India underlines that the international community needs to take collective and assertive action to target terror infrastructure in Pakistan as Islamabad lacks capability or will to do so.
The visit will take place in the backdrop of a new Afghan-Pakistan strategy unveiled by Obama last month in which he observed that the threat to the world is emanating from these two countries and vowed to "disrupt" and "defeat" the extremist groups responsible for the dangers.
While unveiling the new policy, Obama talked about involvement of India besides other countries of the region, saying they do not benefit from the "base for Al-Qaida terrorists and a region that descends into chaos" and have a "stake in the promise of lasting peace and security and development."
Obama said the US would work to create new diplomatic mechanisms, including establishing a 'Contact Group' and a regional security and economic cooperation forum.
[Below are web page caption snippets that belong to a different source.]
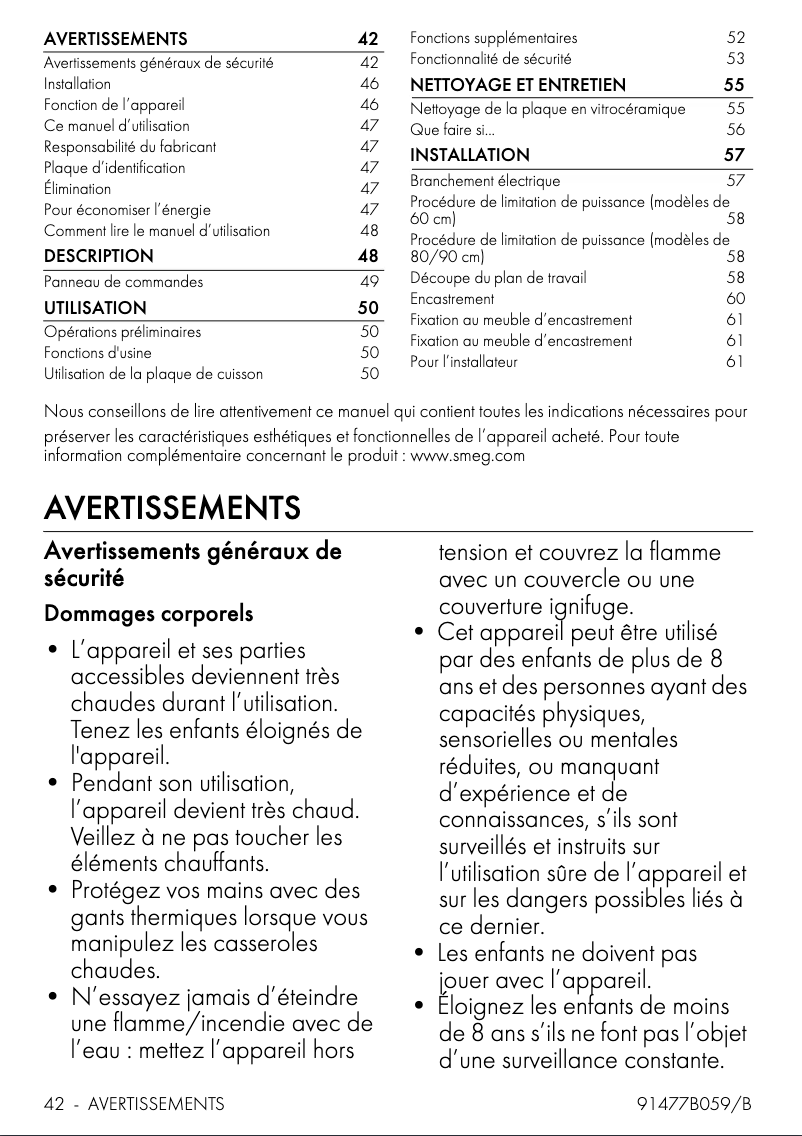 Page n°1 - Manuel utilisateur Smeg SE464TD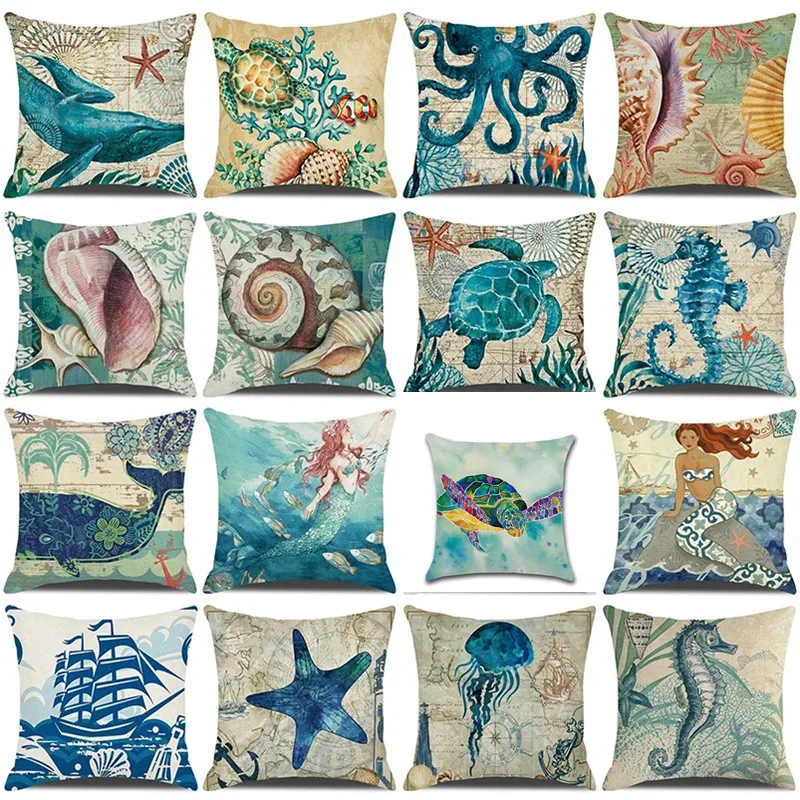 

Sea Turtle Nautical Mermaid Pattern Cotton Linen Throw Pillow Cushion Cover Car Home Decoration Sofa Decorative Pillowcase 40018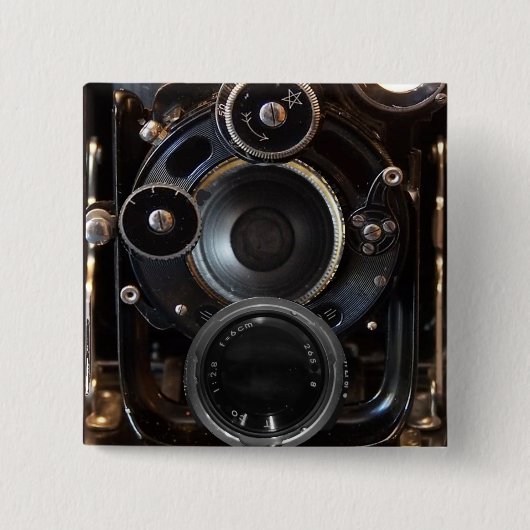 Antiek camerafotografie  lensfilm vierkante button 5,1 cm (Voorkant)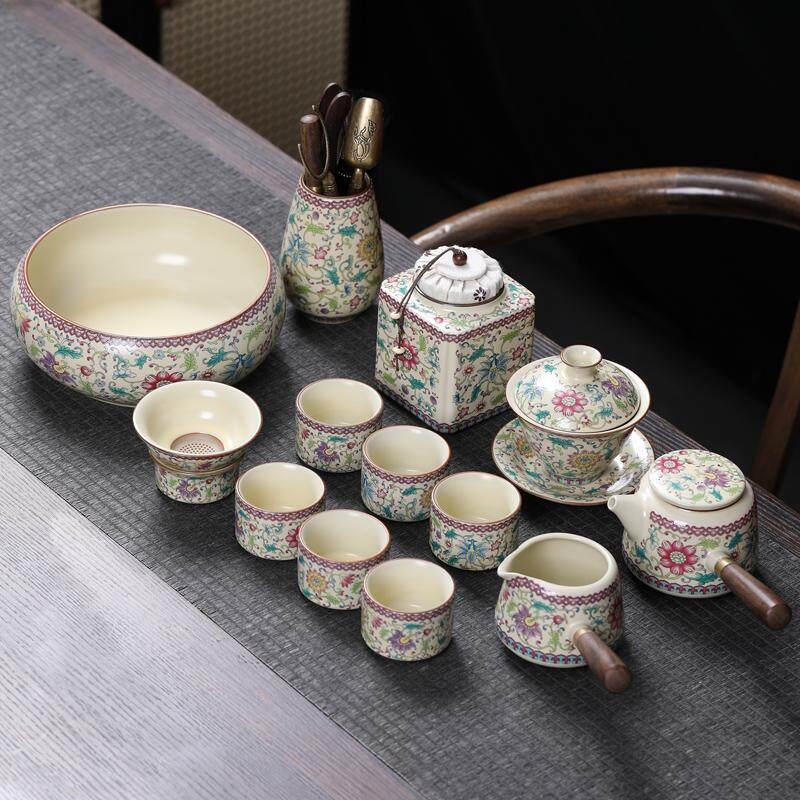 景德镇米黄汝窑功夫茶具套装珐琅彩花满枝防烫中式整套泡茶器高颜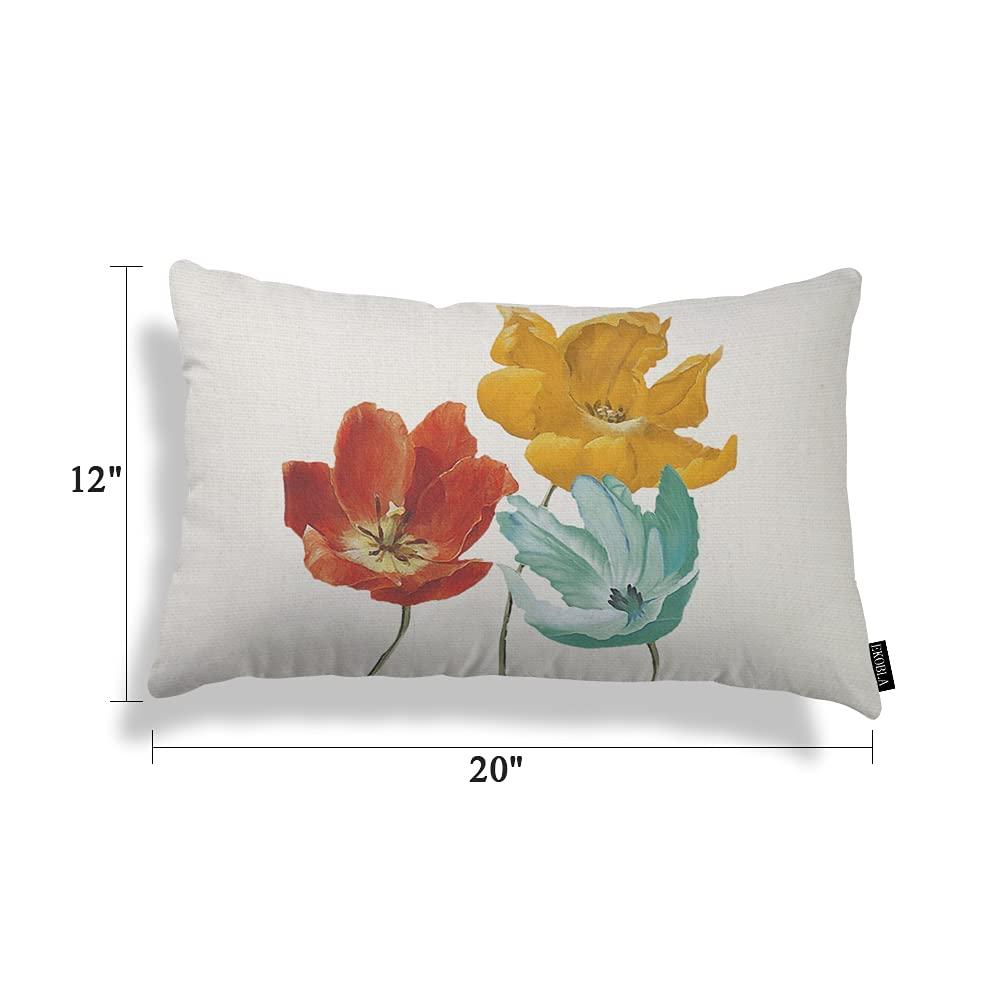 Floral Cotton Linen Rectangular Throw Pillow Case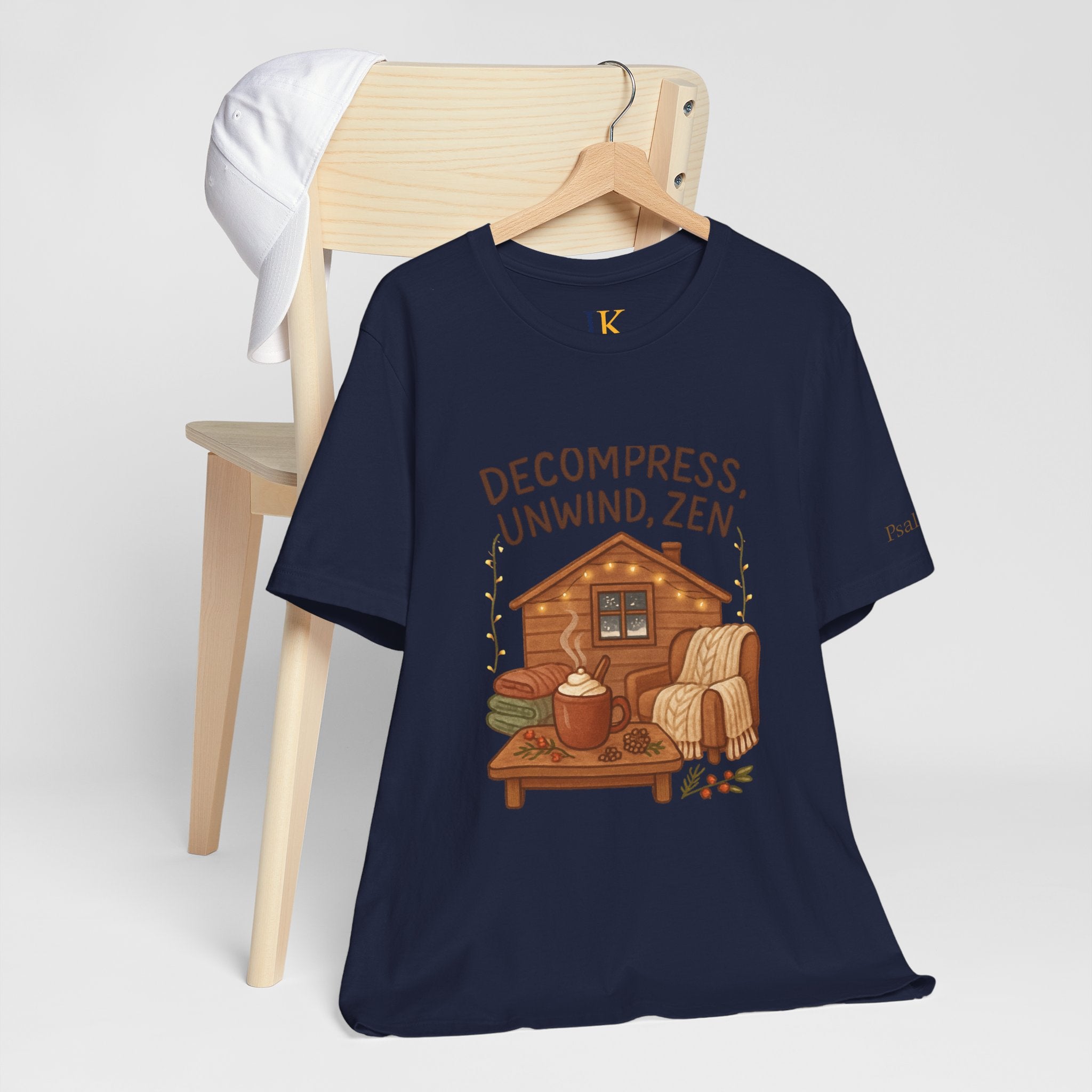 Decompress Unwind Zen T-Shirt — Cozy Cabin Relaxation Tee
During his first visit here after his appointment as the Special Envoy in February, Holbrooke had noted that terrorism emanating from Pakistan is a "common threat" to the US, India and Pakistan.
He has maintained that the crisis in Afghanistan cannot be resolved without addressing the problem of militancy in Pakistan's restive tribal region.
The "heart of the threat" to the US and many other countries in the world including India lies at western Pakistan, he observed last month.
He said the starting point for the Barack Obama administration's approach to the region is to treat it as an integrated whole, a single theatre of war, with very different rules on each side of the border.